List of 10 nursing home reform bills passed by the NYS Senate below:

  • Patient Care Ratio Reporting: This bill, S.4336A sponsored by Senator Gusatvo Rivera, directs the Commissioner of Health to establish a "Direct Patient Care Ratio" that would require all nursing homes to spend at least 70% of a facility's revenue on direct patient care.
  • Publication of Nursing Home Ratings: This bill, S.553 sponsored by Senator James Sanders Jr., requires that the most recent Center for Medicare and Medicaid Services (CMS) rating of every nursing home be prominently displayed on the home page of the Department of Health's website and at each nursing home facility's website and displayed at the facility for view by the general public.
  • Reimagining Long-Term Care Task Force: This bill, S.598B sponsored by Senator Rachel May, enacts the “Reimagining Long-Term Care Task Force” to create a task force studying the state of both home-based and facility-based long-term care services in the state, and to make recommendations on potential models of improvement to long-term care services for older New Yorkers. 
  • Long-Term Care Ombudsman Program Reform Act: This bill, S.612A sponsored by Senator Rachel May, creates "The Long-term Care Ombudsman Program Reform Act" by expanding the current program to be more accessible and available to seniors and their families, while promoting the volunteer advocate program, and improve interactions between DOH and the Ombudsman program regarding complaints. 
  • Allowing Compassionate Care-Giving Visitors: This bill, S.614B sponsored by Senator Rachel May, creates a standardized program to allow personal care and compassionate care visitors at nursing homes. 

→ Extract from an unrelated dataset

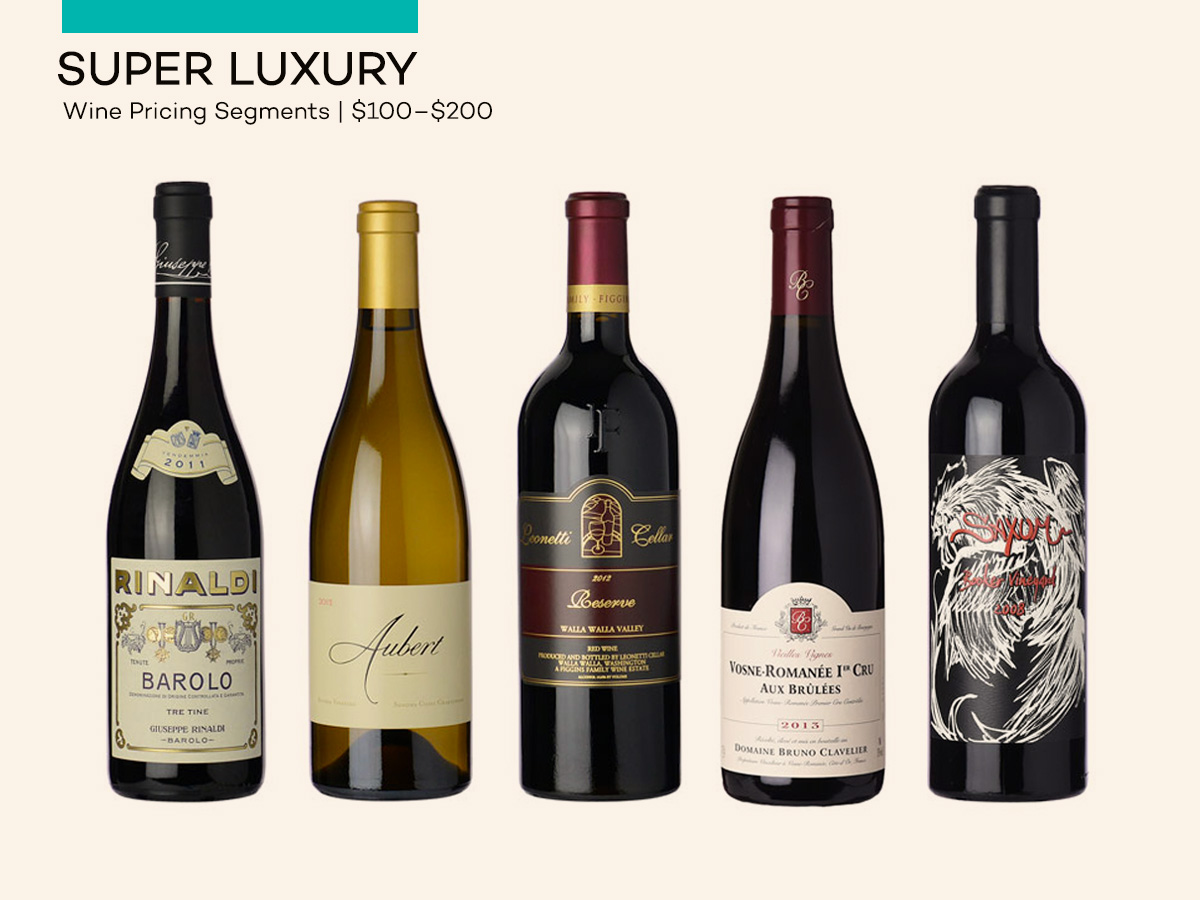 Wine Pricing - Super Luxury Wines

  • Infection Inspection Audit: This bill, S.1783 sponsored by Senator James Skoufis, directs the Department of Health to establish and implement an infection control inspection audit and checklist for residential care facilities. 
  • Quality Assurance Committees: This bill, S.1784A sponsored by Senator James Skoufis, requires adult care facilities to include "quality assurance committees" in their quality assurance plans
  • Requirements for Transfer, Discharge and Voluntary Discharge: This bill, S.3058 sponsored by Senator Gustavo Rivera, creates requirements for the transfer, discharge and voluntary discharge of residents from residential healthcare facilities
  • Standards for Ownership of Nursing Homes: This bill, S.4893 sponsored by Senator Gustavo Rivera, requires more review of ownership of nursing homes through the certificate of need process - including consideration of past violations at other facilities by owners - and requires more notice to the public during the CON process.
  • Department of Health Death Records: This bill, S.3061A sponsored by Senator Gustavo Rivera, requires the Department of Health to record COVID-19 deaths of nursing home residents that died in hospitals to be recorded as a "nursing home" death and require the Department of Health to update and share data it receives with hospitals and nursing homes on communicable diseases.
  • Transparency of Violations: This bill, S.3185 sponsored by Senator James Skoufis, requires residential health care facilities to disclose in writing to potential residents and their family members the website where a list of violations and other actions taken against the facility can be found.